所以對於楚向天的存在,他多少也略知一二,雖然並不詳盡,卻也知道大楚王朝和禦法的敵對關係,甚至當初大楚王朝的崩塌,就和禦法天宗有千絲萬縷的關係。
他心神顫動,毫不猶豫的動用了所有的秘術,仔細的查看‘易無雙’身體的每一寸角落,包括識海也都不放過。
他甚至直接割破了‘易無雙’的手指,提取出一滴精血,而後施展秘法進行探測。
除此之外,其背後做供奉的三尊牌位上更是有仙光衝起,彌漫在整座大殿之中如同浩瀚海洋一般的道蘊頓時顯化成型,化作一張圖卷。
陸乘風整個人完全都僵硬了,事情發展到這種地步已經完全沒有他插手的餘地,甚至禦法天宗的底蘊完全超出了他的想象。
這法相宮中所擁有的力量,絕不遜色於仙人,任何天人強者闖入此中,都隻有死路一條。
陸乘風感覺到無比驚悚,哪怕是早已經反複推演了無數次,而且對於伏龍洞天有著信心,可還是忍不住膽寒。
事情一旦暴露,他恐怕很難逃出這座大殿。
“此處一定有不遜色於伏龍洞天的仙寶,禦法天宗萬載傳承,底蘊著實深厚到了不可思議的地步。”
他再一次感受到了這座古老傳承的恐怖,心頭提起了萬分警惕,如果對方真的通過自己所不知曉的某種手段,查探出了端倪,他也隻能鋌而走險了。
隨著大殿上空無窮無盡的道韻凝聚出一張圖卷,而後緩緩展開,‘易無雙’頭頂上空頓時有著一道白氣衝出。
隻是這白氣著實黯淡,衝出了不到一尺就停了下來,然而在這白氣周圍卻籠罩著絲絲縷縷的青色霧氣,隱約之間結成山河之形,除此之外更是有著一縷紫光成環,還有一點金光若有若現。
“這是……”
易命殊的眉頭皺了皺,他剛才動用了門中至寶山河社稷圖,雖然僅僅隻多了社稷兩個字,但其中的奧義與山河圖相比,卻已然是天翻地覆。
山河圖中所蘊含的是道術,而山河社稷圖中所蘊含的則是神通法天象地。
以神通法天象地參悟天地大道,從而在一張圖卷之中開辟洞天世界,這便是山河社稷圖的來源。
也就是說,山河社稷圖乃是不遜色於伏龍洞天的洞天法寶。
此物被禦法天宗代代傳承,曆經無數門人弟子的祭煉,無數年下來已近乎通靈,與整個宗門的氣運相連,別有奧妙之處。
凡禦法天宗弟子,便可以借助和宗門的因果氣運聯係,以山河社稷圖顯化人身氣運。
無論是用什麽樣的秘法混入禦法天宗,一旦追溯其氣運根源,就會徹底暴露,根本就不可能隱瞞,也瞞不住。
“無雙是我的兒子怎麽可能隻有白色的氣運,而且高不過一尺,就算是禦法天宗外門弟子怕是都要比他強出許多。
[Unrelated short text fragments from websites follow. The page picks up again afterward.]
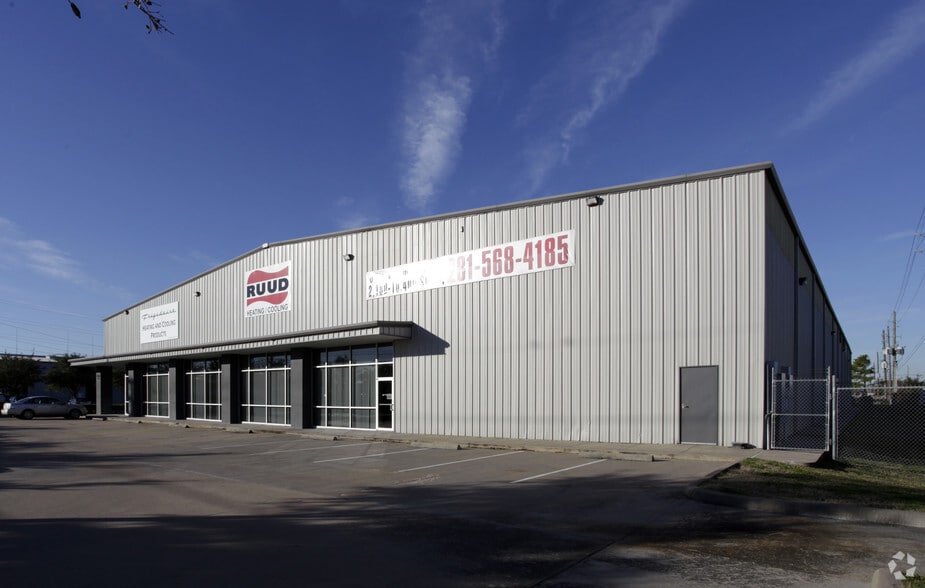 10460 W Sam Houston Pky S, Houston, TX for lease - Building Photo - Image 2 of 2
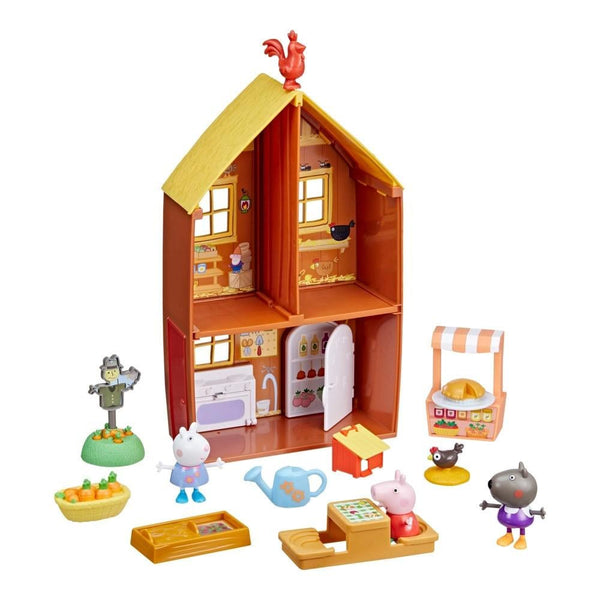 PEPPA PIG CAPSULE MODULAR TGT EXCL F6391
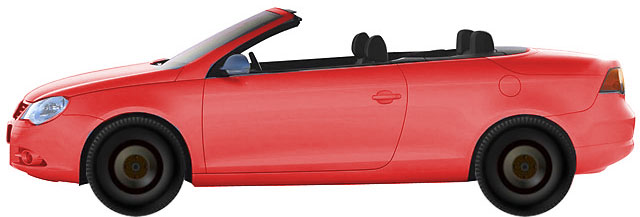 ���� VOLKSWAGEN EOS 1F cabrio 2.0 FSI (2006-2011)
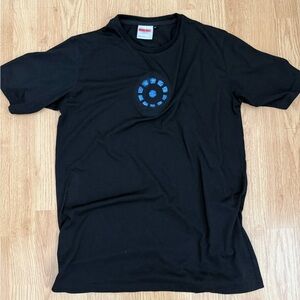 Ironman Arc Reactor Shirt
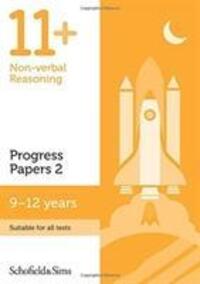 Cover: 9780721714615 | Schofield &amp; Sims: 11+ Non-verbal Reasoning Progress Papers B | Buch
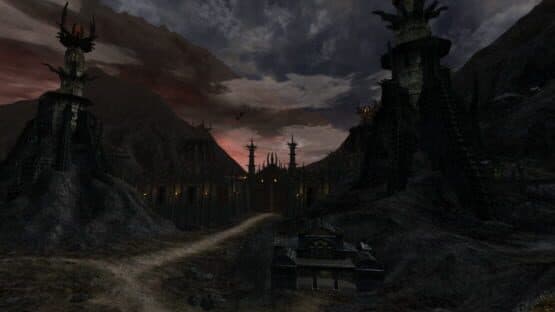 The Lord of the Rings Online: Mordor screenshot 1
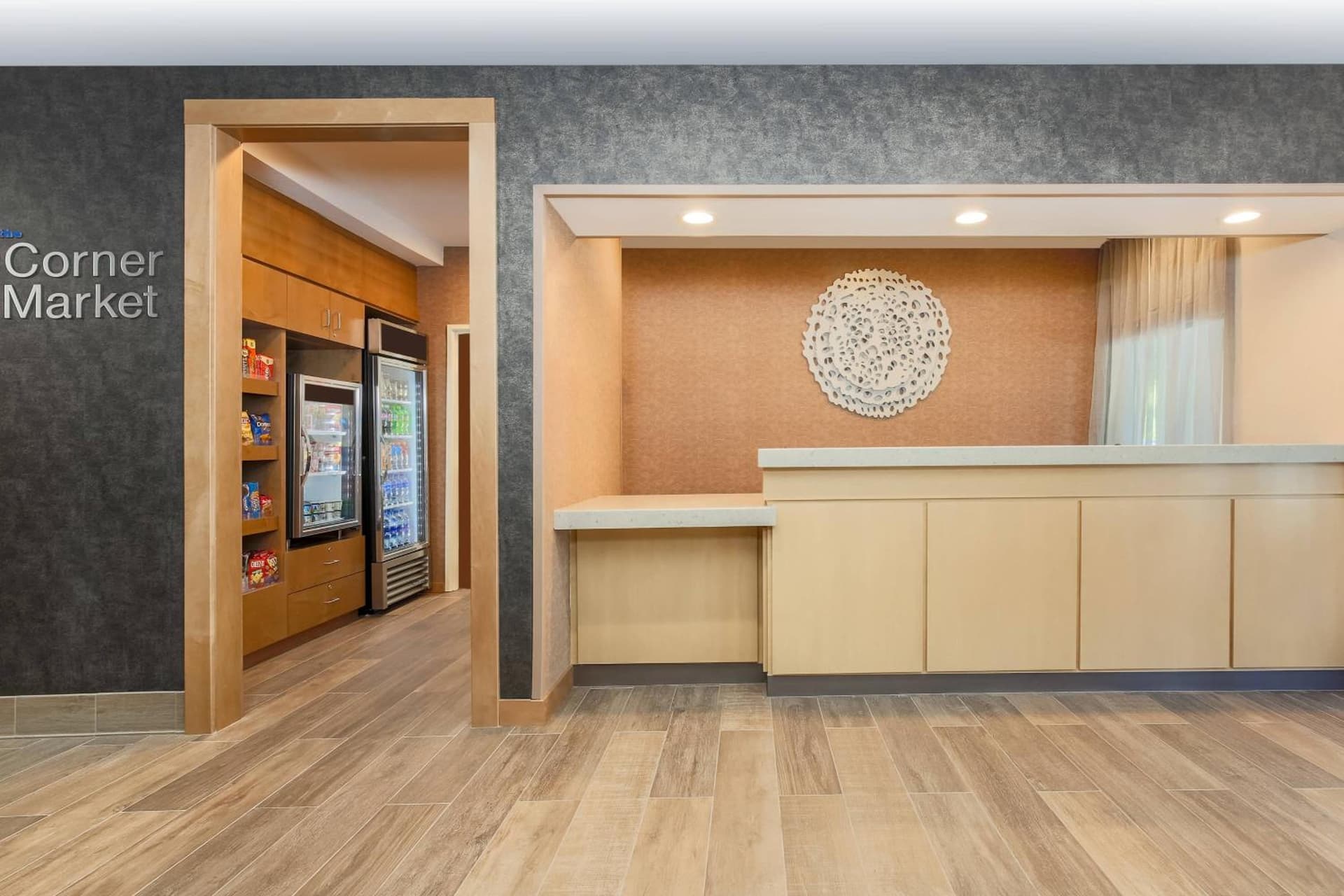 Fairfield Inn & Suites Houston Humble property views in Humble, TX — gallery photo 3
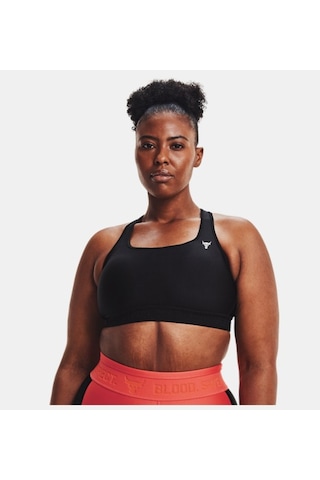 Under Armour Kadın Project Rock Spor Sütyeni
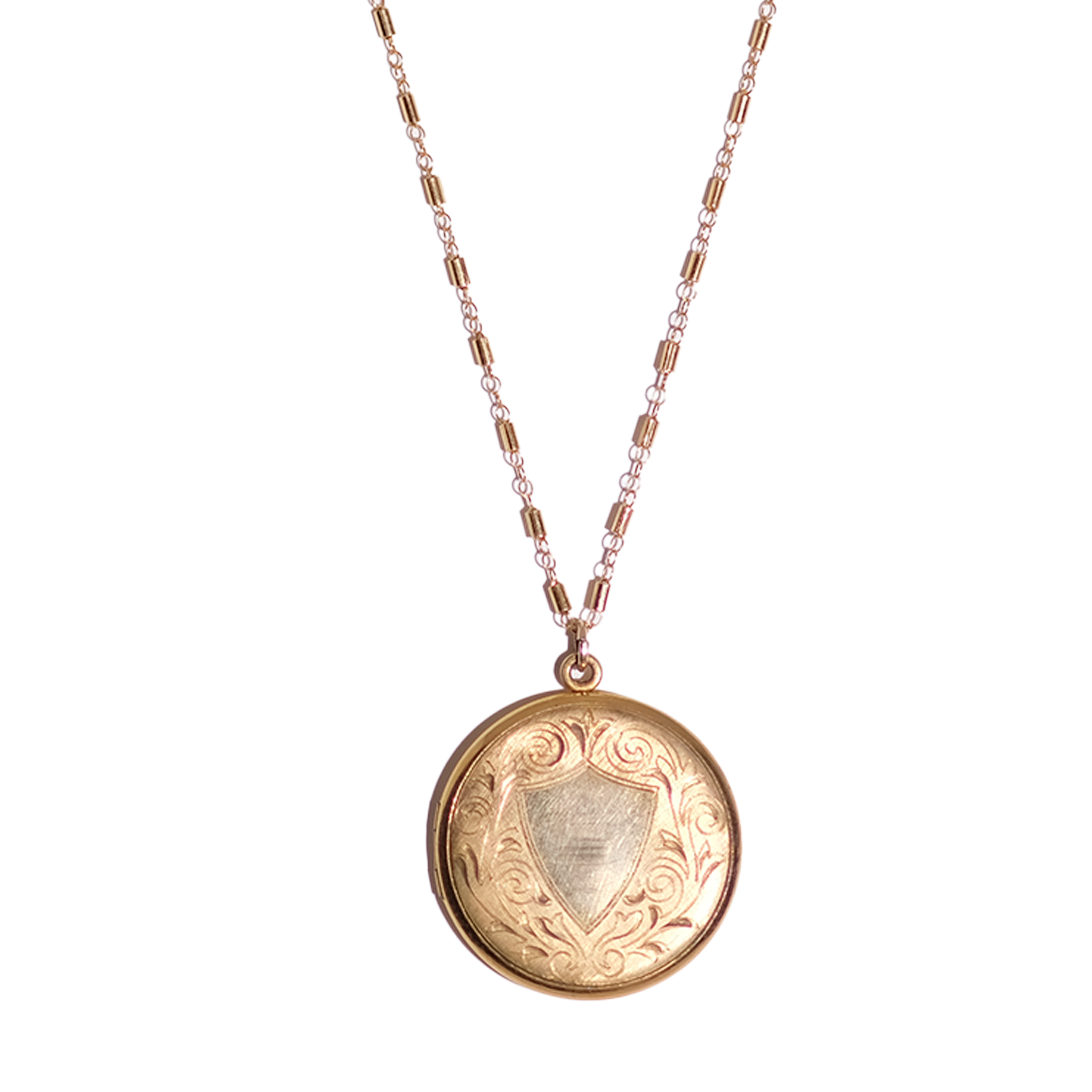 Shield Protection Locket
”
易命殊微微皺了皺眉,感覺有些古怪。
他卻不知道‘易無雙’此時已經是一個死人了,或者準確的來說是活死人,能夠還維持些許氣運,都已經是陸乘風頂著他的身軀和名頭在宗門行走,並且之前才剛剛拜過祖師。
否則的話,現在就連這一尺白氣都難以維持。
江山社稷圖對於宗門弟子的氣運顯化,以白、赤、青、紫、金來劃分。
白氣九尺,赤氣九丈,青氣百丈,紫氣千丈,金光萬丈。
紫氣為天人之氣,金光為仙人之光。
“無雙是我的兒子按理來說氣運不該如此黯淡,就算他沒有練武,至少也應該擁有赤氣,甚至是青氣,如今這白氣著實太過不堪。”
“不過他氣運周圍點綴青霧、紫氣、金光,這些代表著一個人的潛力,說明無雙他潛力無窮,甚至那一點金光,證明他有望仙人之道。”
“那金光雖然隻有一點,但卻是根基,沒有這一點金光,就算是天賦再如何妖孽,也不可能有仙人之望。”
易命殊對於山河社稷圖所顯化出來的氣運十分了解,宗門弟子所顯化出來的這些氣運並非是不可更改,但是其根基和潛力越弱,改易的難度就越大。
想要將一個人的氣運改為天人紫氣,已經是難如登天,至於仙人之運,無可更改,至少在他的認知範疇中,是沒有任何手段可以做到的。
“無雙他擁有仙人之運,雖然隻是金光一點,但這就是根基,有了仙人之望。”
“目前看來除了他的根基氣運有些薄弱之外,並無其他的問題,而且潛力深不可測,遠遠超越宗門任何弟子。”
“若非是仙人轉世,又怎麽可能擁有仙人氣運?還有那座深淵……”
易命殊眸光轉動,目前來說,他確實沒有察覺出任何問題,隻是那略微淺薄的白色氣運,卻讓他感覺到有些猶疑。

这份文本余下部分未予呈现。